Quelques jours après la mort du duc de Normandie, Skirnir avait réuni, à grand-peine, les membres de la conjuration dans le souterrain où ils s’étaient retrouvés la première fois. Le géant roux qui paraissait victorieux, il y a peu encore, était à présent à terre. Il lui restait cependant une dernière flèche à tirer.

— Compagnons, commença-t-il en scrutant les regards comme l’aurait fait Hròlfr, nous avons rendu un fier service à notre peuple. Cependant aujourd’hui des vents contraires nous font dériver. Mais nous devons poursuivre notre combat jusqu’à son terme. Vous n’avez pas manqué de courage jusqu’ici et nous avons vaincu. Tenez bon !

— Nous avons vaincu ? demanda Olav. Le fils de notre ennemi est aujourd’hui sur le trône de son père et les bruits les plus fous commencent à courir sur la mort de Hròlfr le traître. Certains vont jusqu’à affirmer que des barons sont associés à sa disparition. La situation devient dangereuse pour nous.

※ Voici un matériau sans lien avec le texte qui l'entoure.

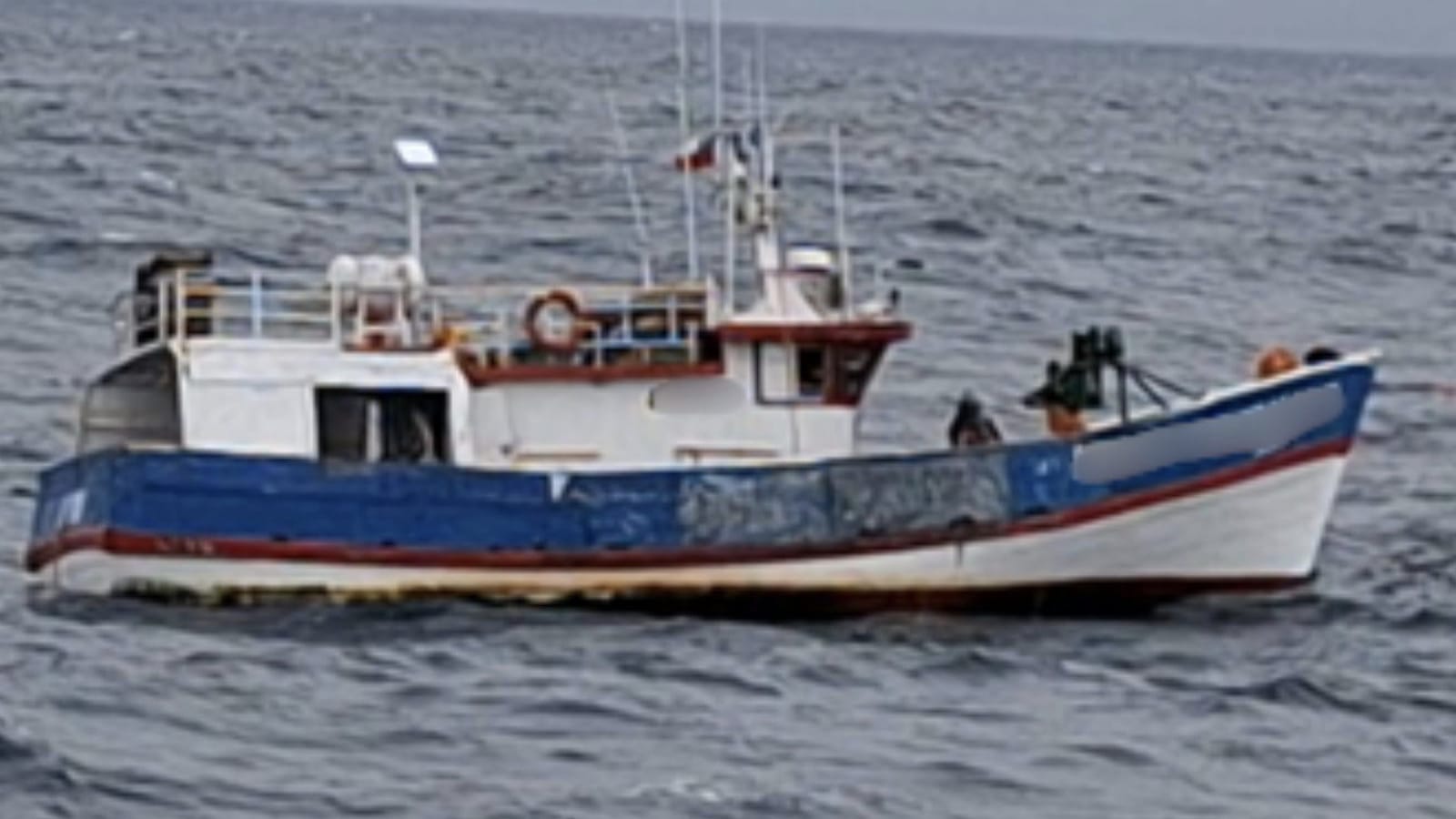 Diez embarcaciones fueron sorprendidas extrayendo reineta de manera ilegal en Los Ríos
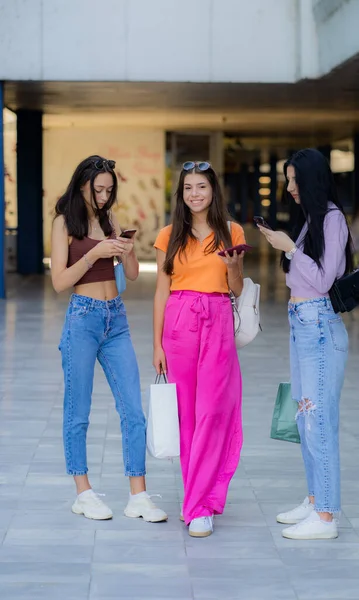 Menina Atraente Bonita Está Posando Sorrindo Enquanto Seus Amigos Estão — Fotografia de Stock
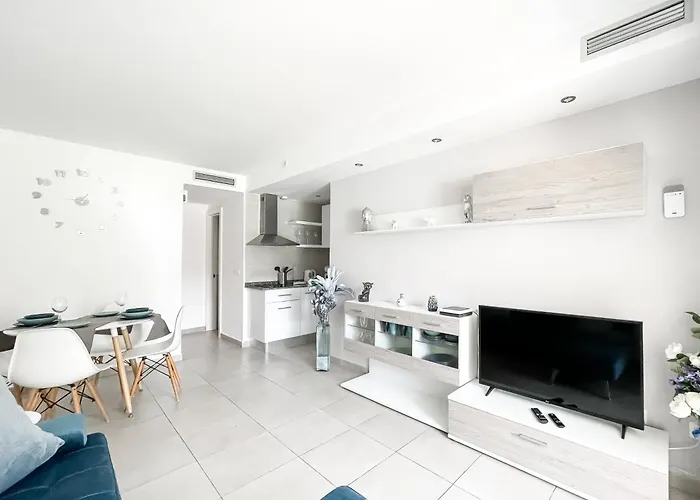 Paradise Palms I Deluxe, Incl. Welcome Package Κοραλέχο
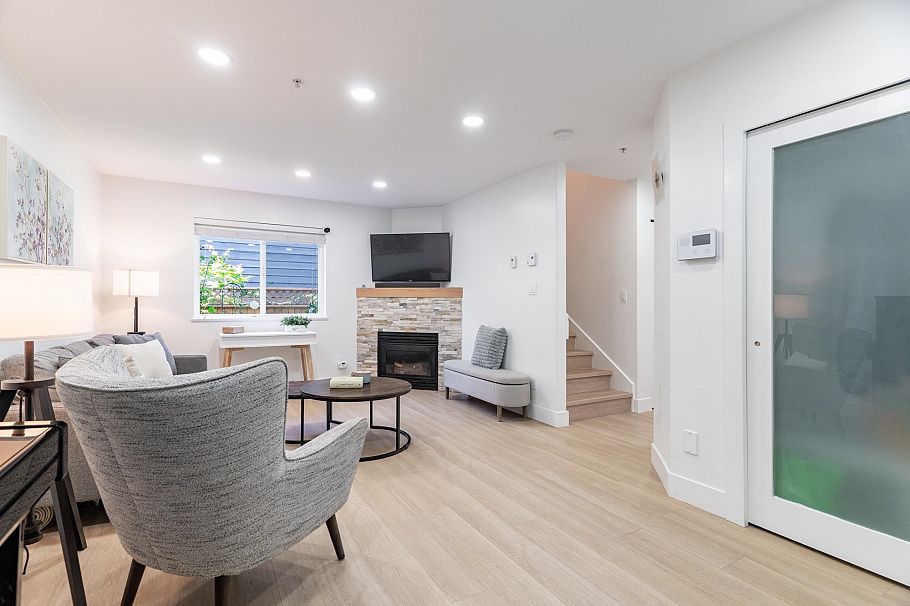 2 1233 W 16th Street North Vancouver, BC - 7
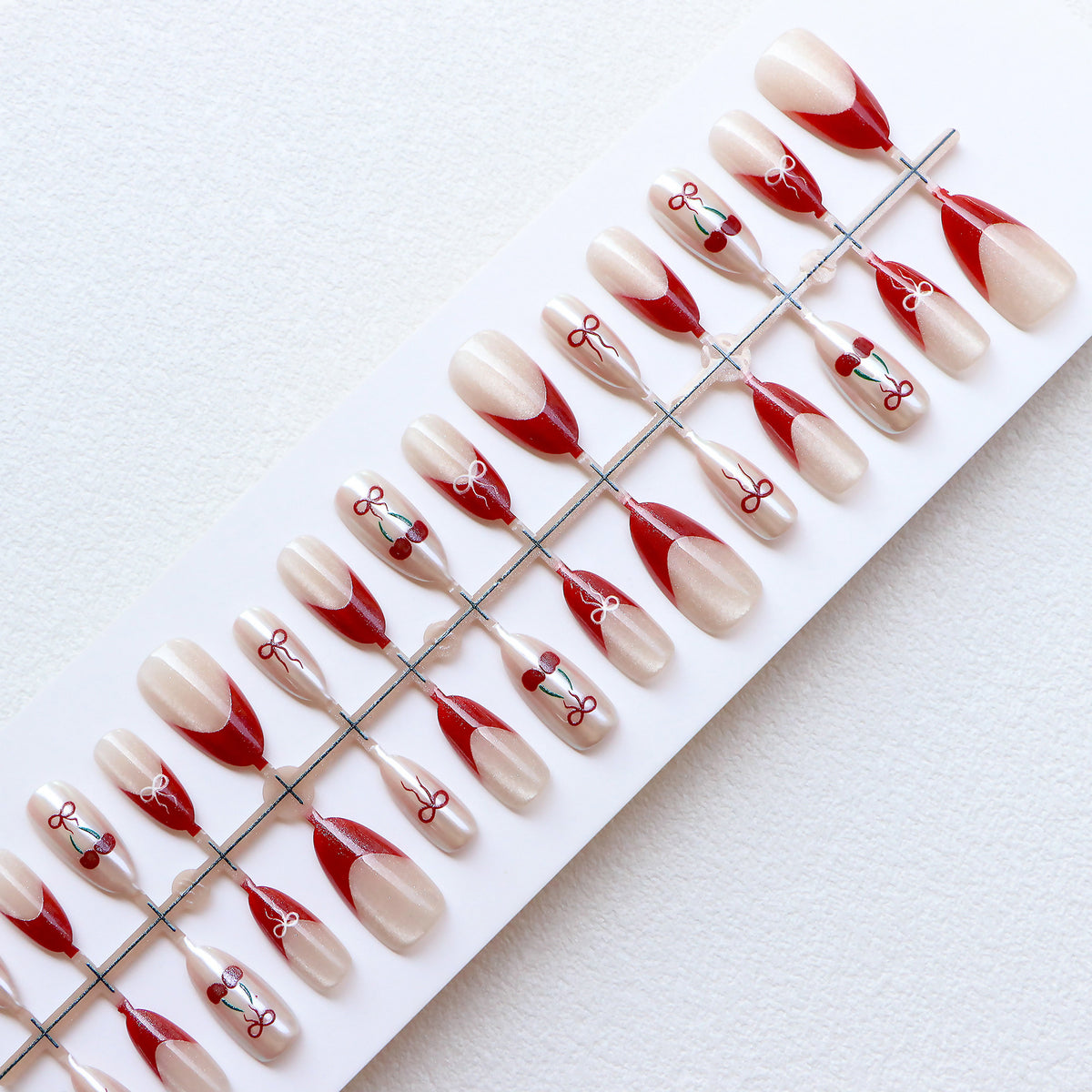 Künstlerisches Press-On-Nagelset mit Kirsch- und Schleifendessin Brehn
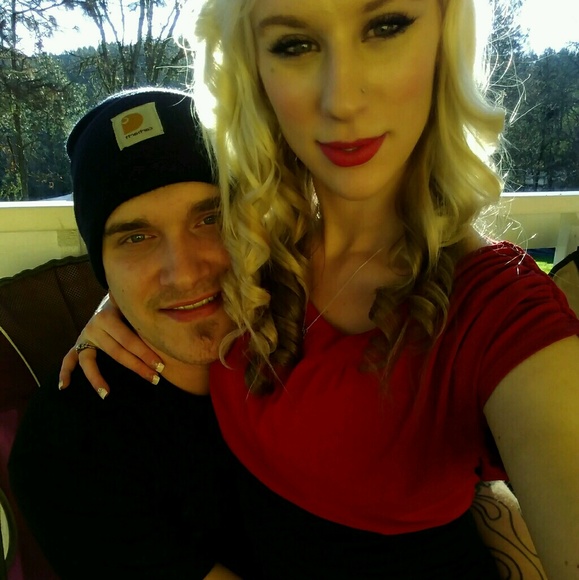 Profile Picture of Mckayla Harris (@kaylaharris2016) on Poshmark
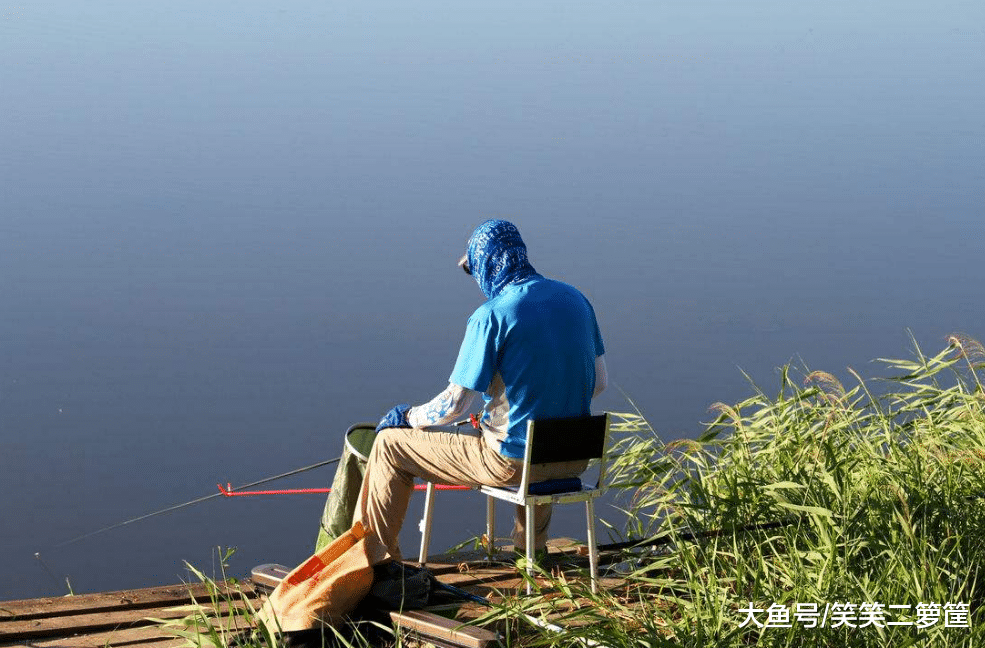 小时候经常和小伙伴去钓鱼，每次都要准备好多东西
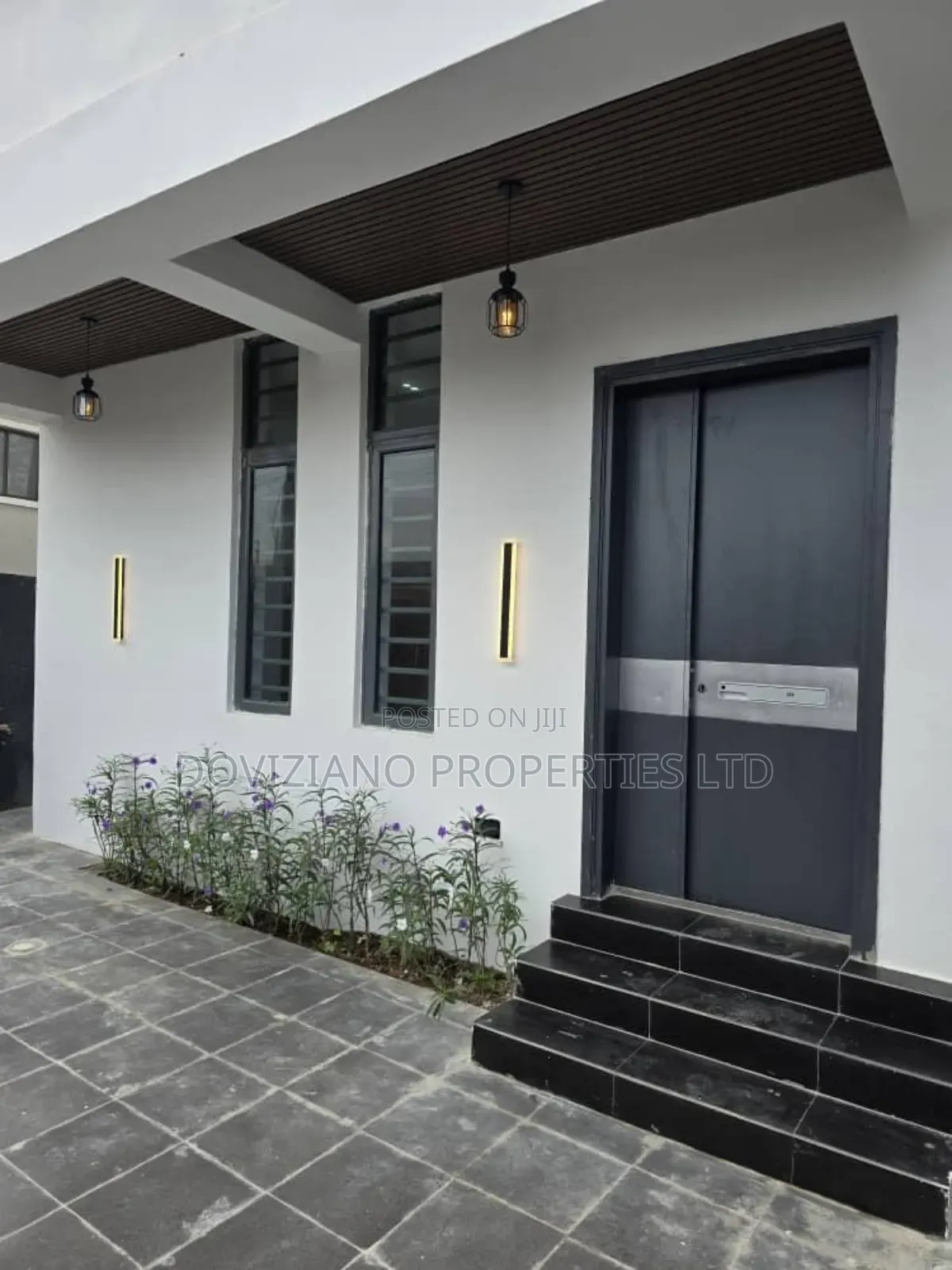5bdrm Duplex in Lekki Phase 1 for sale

Skirnir s’attendait à cette réaction. Il ne se laissa donc pas impressionner et poursuivit.

— Je vous l’ai dit, nous avons vaincu. Je reconnais que les événements n’évoluent pas exactement comme je l’aurais espéré. J’ai vu aussi comment certains parmi vous ont trop facilement juré fidélité au fils du Marcheur. Toutefois, je serai magnanime : l’heure n’est plus à la vengeance, notre combat est légitime et il s’inscrit dans la longue traversée des siècles. Voici la décision que j’ai prise...

Le géant roux attendit quelques instants, le temps de jauger les réactions de ses compagnons. Il venait de parler comme un chef et c’était en qualité de chef qu’il mènerait ses hommes à une nouvelle bataille.

— Je me suis trompé quand je pensais que notre principal ennemi était Hròlfr le faible... J’avais sous-estimé la force d’un autre ennemi qu’il nous faut à tout prix combattre sans répit. Cet ennemi n’est autre que la terre de Normandie où nous nous sommes établis. Elle nous a fait oublier nos dieux et renier nos traditions ancestrales. Pour combattre cet ennemi et honorer à nouveau nos dieux comme ils le méritent, nous devons quitter cette terre pour mieux y retourner plus tard. Mais cette fois, nous ne reviendrons pas dans la position des lâches quémandeurs. Nous reviendrons en fiers conquérants et nous ferons trembler tous ceux qui aujourd’hui prétendent nous narguer.

L’incrédulité se lisait sur tous les visages. Skirnir parlait-il sérieusement ? Comment pourraient-ils quitter une terre qui leur avait apporté l’abondance, le bonheur de leur famille et la chaleur ? Le géant roux comprit les réticences de l’assistance et assena son dernier argument.

— Regardez, dit-il en désignant un lourd coffre de bois. Nous ne partirons pas les mains vides. Nous embarquerons avec le trésor du duc de Normandie. Nous aurons de quoi nous équiper, acheter les meilleurs bateaux et nous nourrir sans compter. Par Odin ! Par Thor ! Pour la victoire !

Les hommes présents se concertèrent. En bons Vikings, ils n’obéissaient pas aveuglément à un ordre qui ne leur semblait pas légitime. Ils menèrent leur étrange conciliabule, là, dans le souterrain, sous l’oeil de celui qui prétendait devenir leur nouveau chef. Après une dernière hésitation, ils tapèrent dans leurs mains et se retournèrent. Ils avaient décidé de suivre une fois encore Skirnir et lancèrent leurs traditionnels « Hurrah », cris de joie et de victoire. Dans ce souterrain à l’abri de tous les regards, le destin de quelques Normands irréductibles venait de basculer.